╭─ SUPPLIED RECORDS
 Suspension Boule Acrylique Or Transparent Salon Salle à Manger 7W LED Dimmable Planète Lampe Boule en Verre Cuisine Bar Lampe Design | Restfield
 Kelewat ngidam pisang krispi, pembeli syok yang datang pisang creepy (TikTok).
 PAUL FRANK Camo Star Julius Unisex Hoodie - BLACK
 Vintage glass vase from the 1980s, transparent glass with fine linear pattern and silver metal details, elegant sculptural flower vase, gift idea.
╰─
╭─ SUPPLIED RECORDS
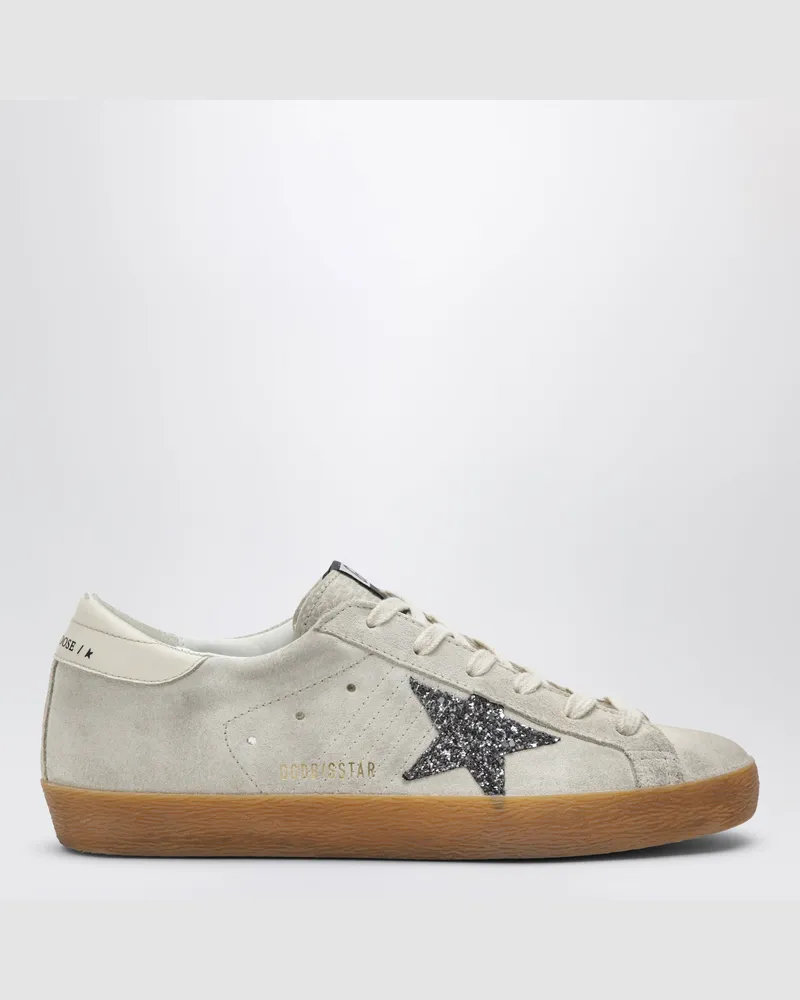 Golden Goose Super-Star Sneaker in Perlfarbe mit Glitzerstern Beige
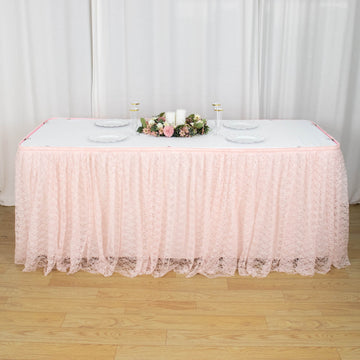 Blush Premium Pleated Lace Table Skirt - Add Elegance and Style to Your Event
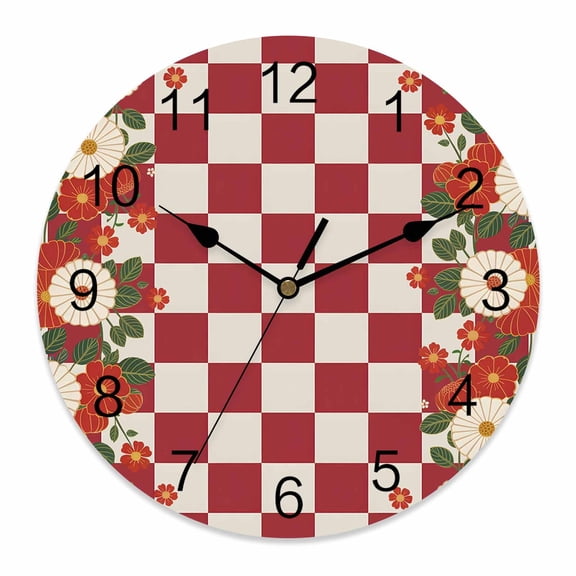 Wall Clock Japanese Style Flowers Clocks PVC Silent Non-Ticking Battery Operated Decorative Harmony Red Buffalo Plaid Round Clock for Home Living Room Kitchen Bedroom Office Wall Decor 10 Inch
╰─
╭─ SUPPLIED RECORDS
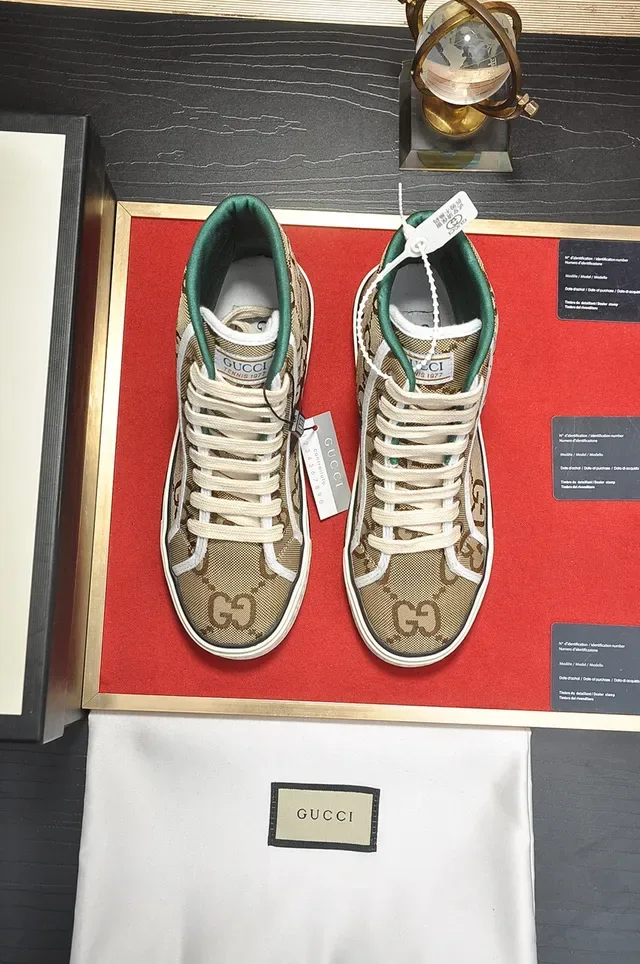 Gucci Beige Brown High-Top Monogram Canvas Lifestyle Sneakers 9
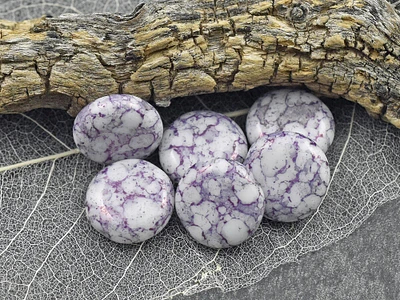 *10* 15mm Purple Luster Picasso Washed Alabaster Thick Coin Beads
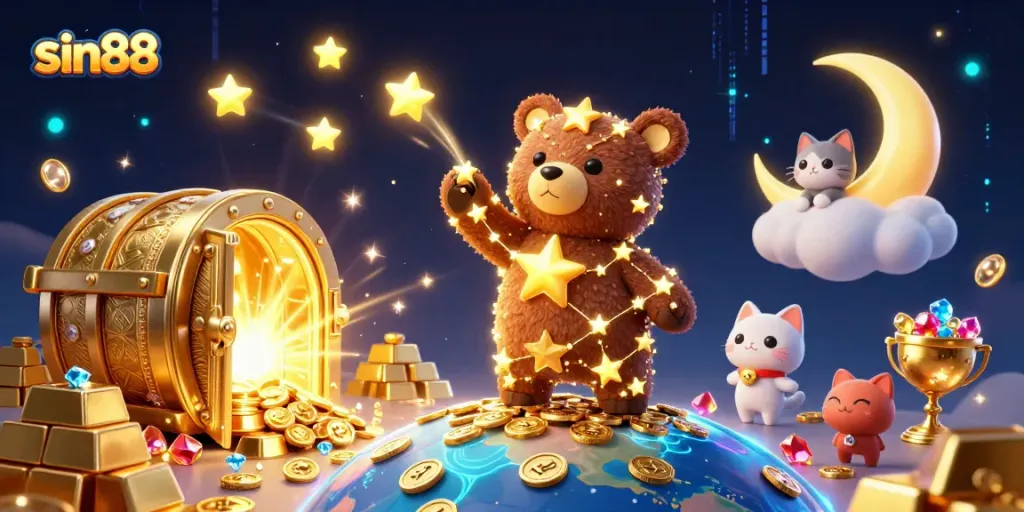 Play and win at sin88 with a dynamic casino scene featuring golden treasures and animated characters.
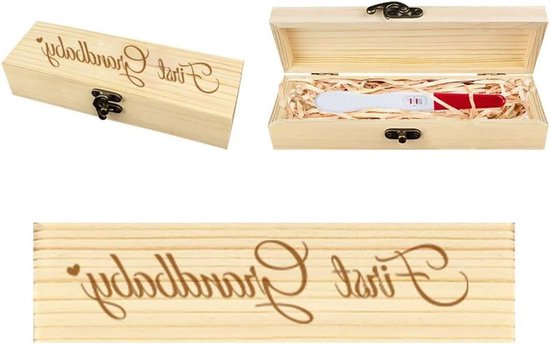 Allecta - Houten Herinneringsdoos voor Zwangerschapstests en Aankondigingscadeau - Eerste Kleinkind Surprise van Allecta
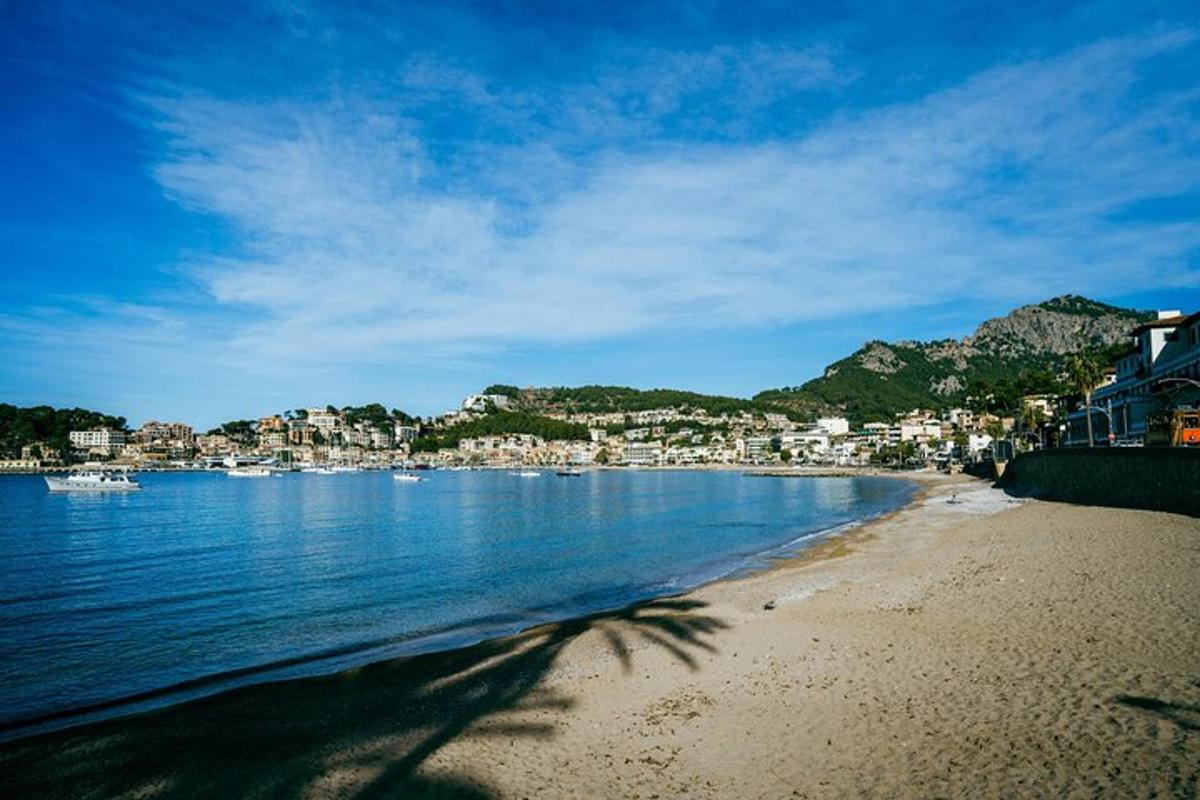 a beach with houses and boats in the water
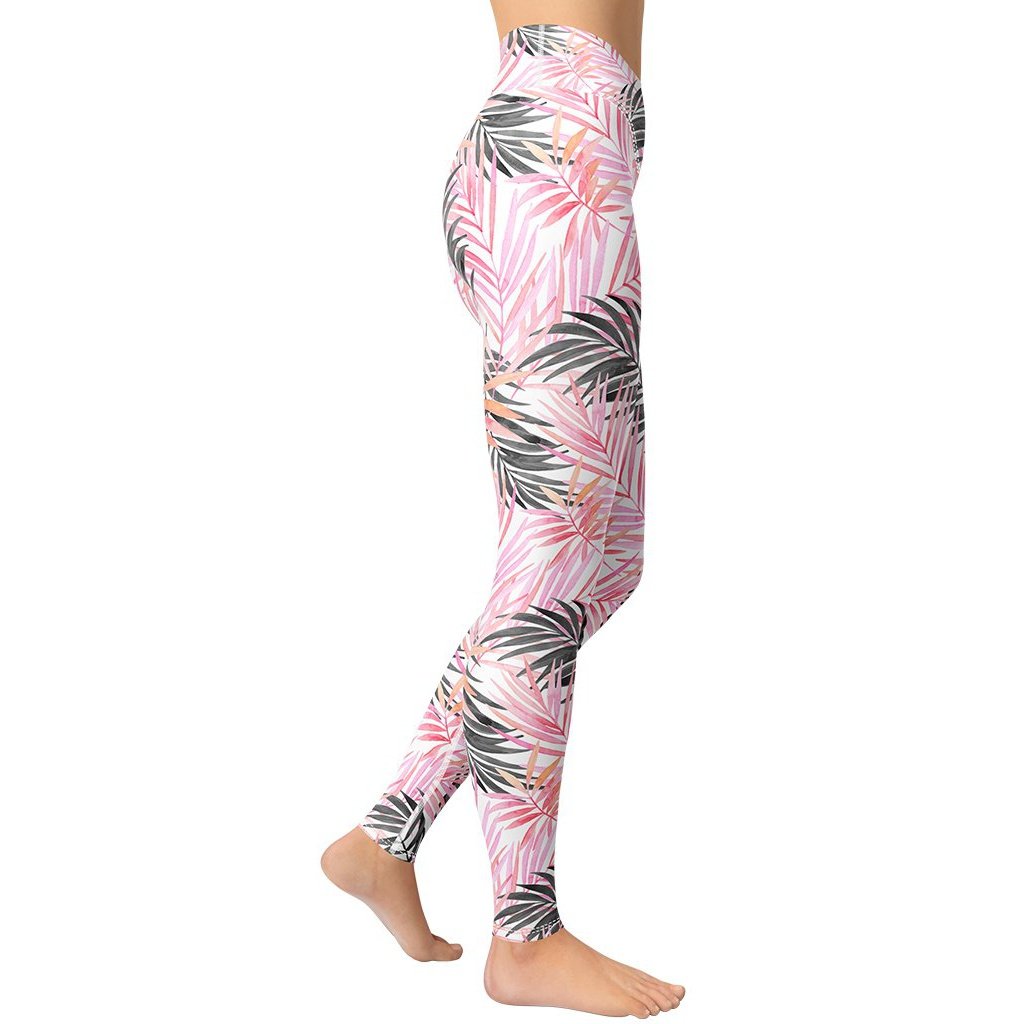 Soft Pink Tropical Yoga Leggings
╰─
# ACTION ITEM:
Look in the material above for the line with "Suspension Boule Acrylique" and the line with "PAUL FRANK Camo", and transcribe exactly those lines and all lines between them, nothing more.

# SOLUTION FOR THIS PROBLEM:
 Suspension Boule Acrylique Or Transparent Salon Salle à Manger 7W LED Dimmable Planète Lampe Boule en Verre Cuisine Bar Lampe Design | Restfield
 Kelewat ngidam pisang krispi, pembeli syok yang datang pisang creepy (TikTok).
 PAUL FRANK Camo Star Julius Unisex Hoodie - BLACK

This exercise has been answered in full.